Material supplied:
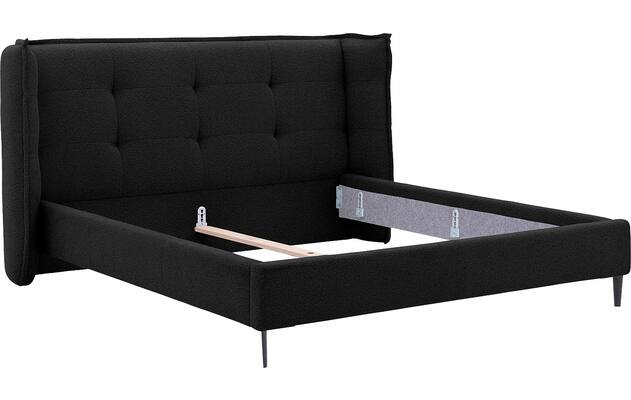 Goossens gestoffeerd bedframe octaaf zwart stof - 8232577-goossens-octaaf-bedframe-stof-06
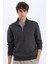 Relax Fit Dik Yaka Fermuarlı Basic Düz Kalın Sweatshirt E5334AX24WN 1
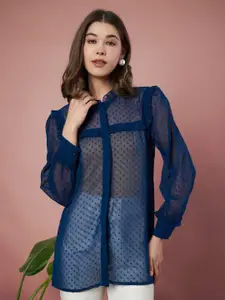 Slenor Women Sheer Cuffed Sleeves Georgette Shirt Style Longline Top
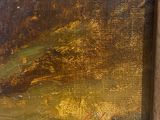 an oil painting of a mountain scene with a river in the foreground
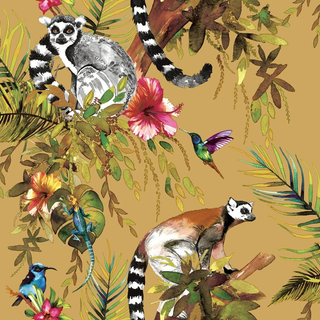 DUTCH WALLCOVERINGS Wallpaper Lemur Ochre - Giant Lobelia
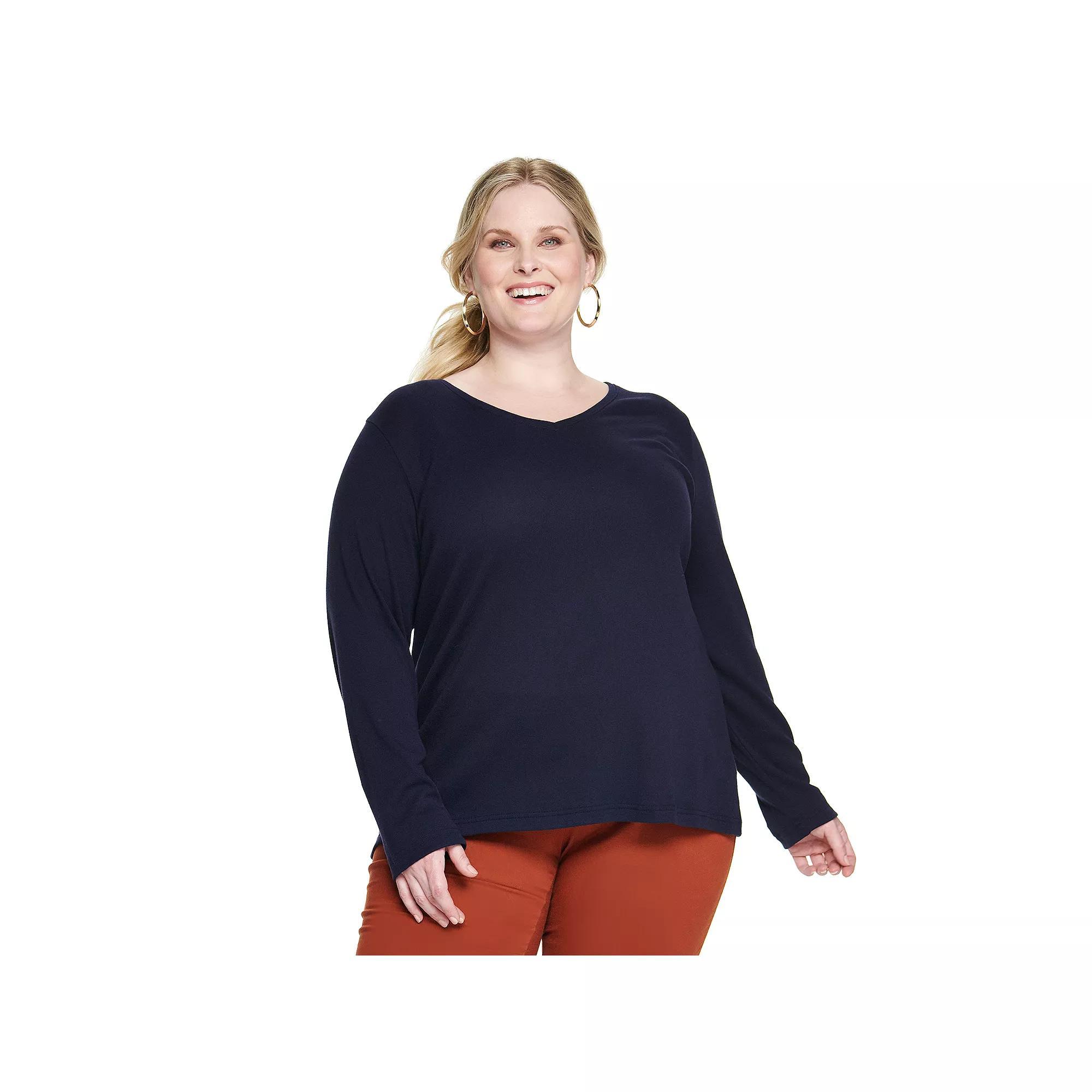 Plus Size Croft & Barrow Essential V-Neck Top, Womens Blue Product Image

...

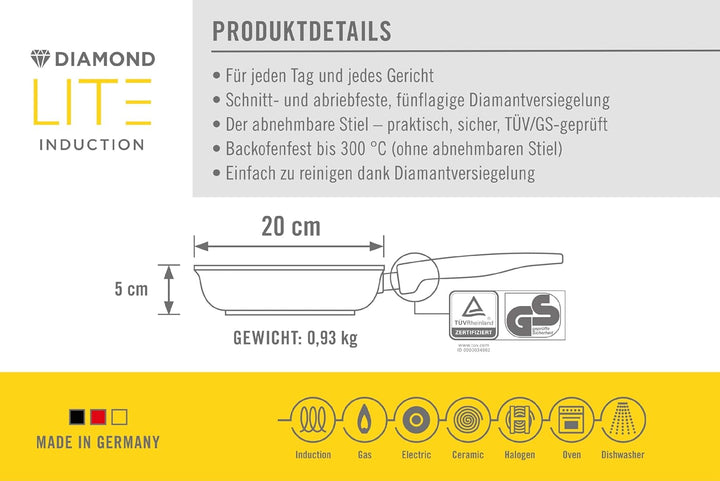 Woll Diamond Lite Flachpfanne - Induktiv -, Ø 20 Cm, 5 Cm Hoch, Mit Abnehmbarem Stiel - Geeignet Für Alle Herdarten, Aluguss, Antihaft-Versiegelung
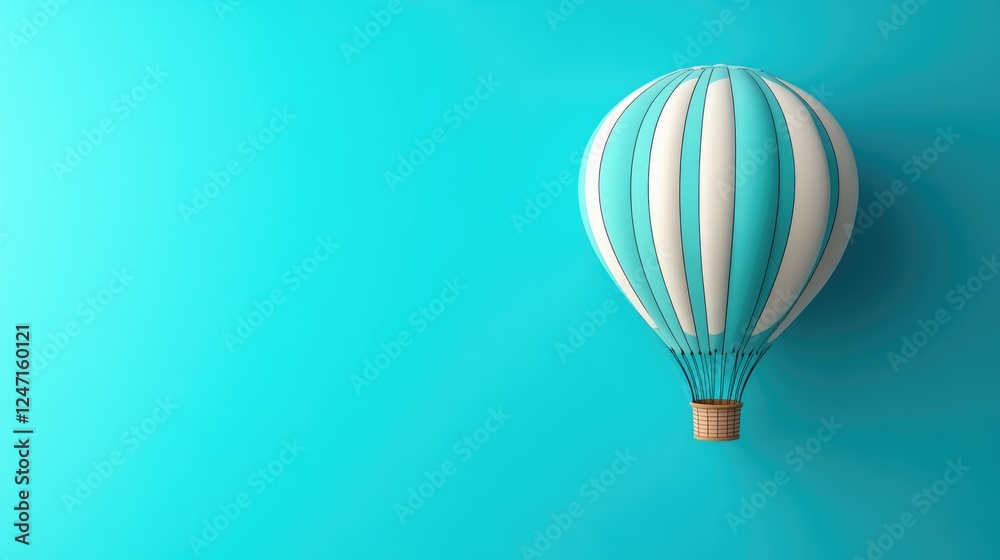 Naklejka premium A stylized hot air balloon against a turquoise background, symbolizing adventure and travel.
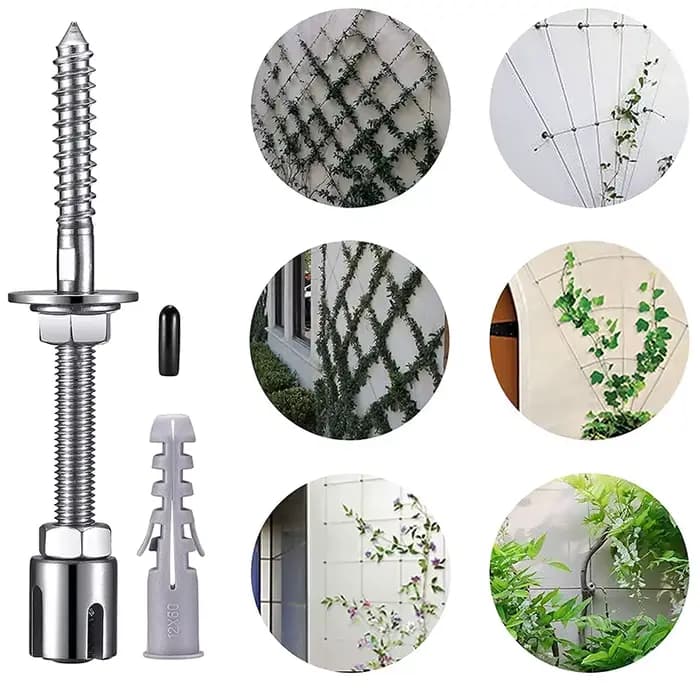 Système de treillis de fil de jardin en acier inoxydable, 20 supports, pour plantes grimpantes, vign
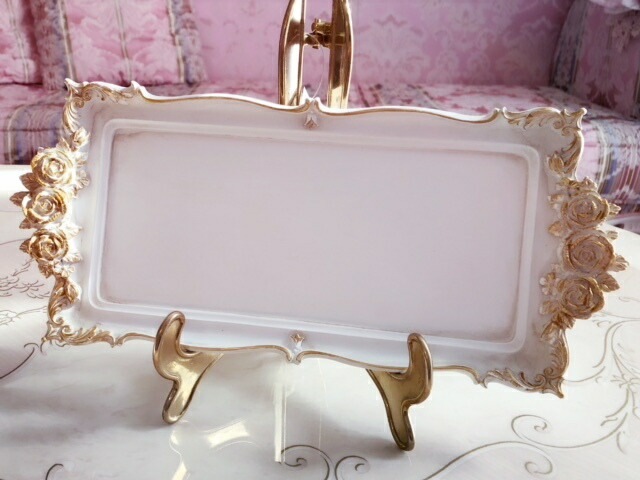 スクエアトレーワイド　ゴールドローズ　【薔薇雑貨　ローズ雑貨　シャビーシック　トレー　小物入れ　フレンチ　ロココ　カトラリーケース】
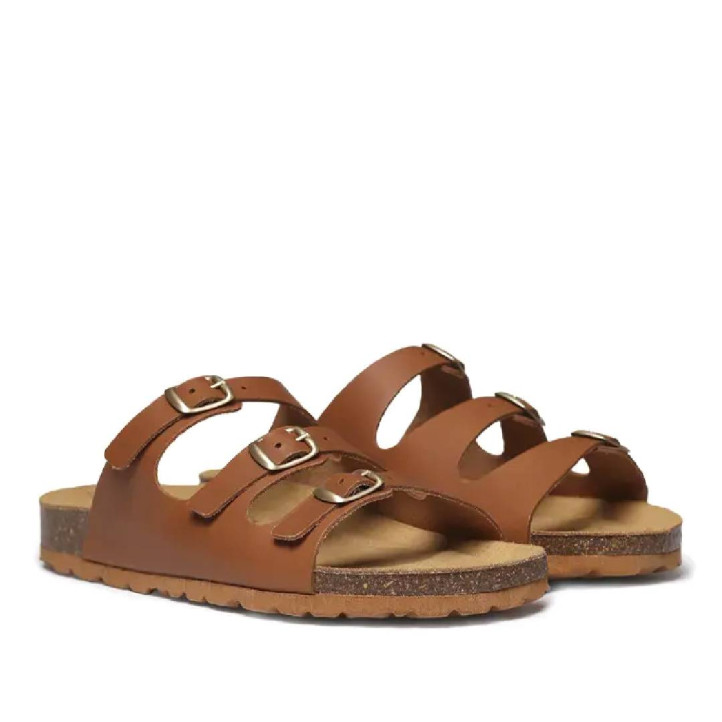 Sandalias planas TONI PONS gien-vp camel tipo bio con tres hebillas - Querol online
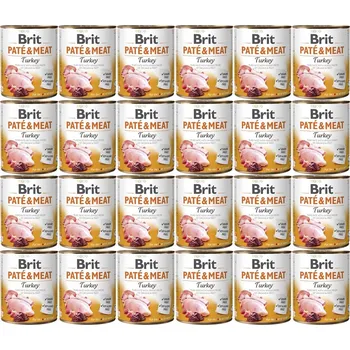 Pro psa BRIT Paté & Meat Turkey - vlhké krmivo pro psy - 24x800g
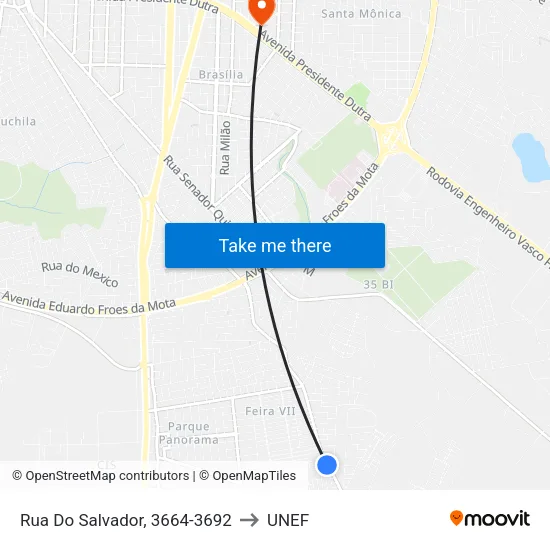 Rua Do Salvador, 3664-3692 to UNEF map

Problem to work on:
What do the entries above read from the line containing "Slenor Women Sheer" through the line containing "Plus Size Croft"? Output those lines exactly, both ends included, with the pictures left out.

Answer for this exercise:
 Slenor Women Sheer Cuffed Sleeves Georgette Shirt Style Longline Top
 an oil painting of a mountain scene with a river in the foreground
 DUTCH WALLCOVERINGS Wallpaper Lemur Ochre - Giant Lobelia
 Plus Size Croft & Barrow Essential V-Neck Top, Womens Blue Product Image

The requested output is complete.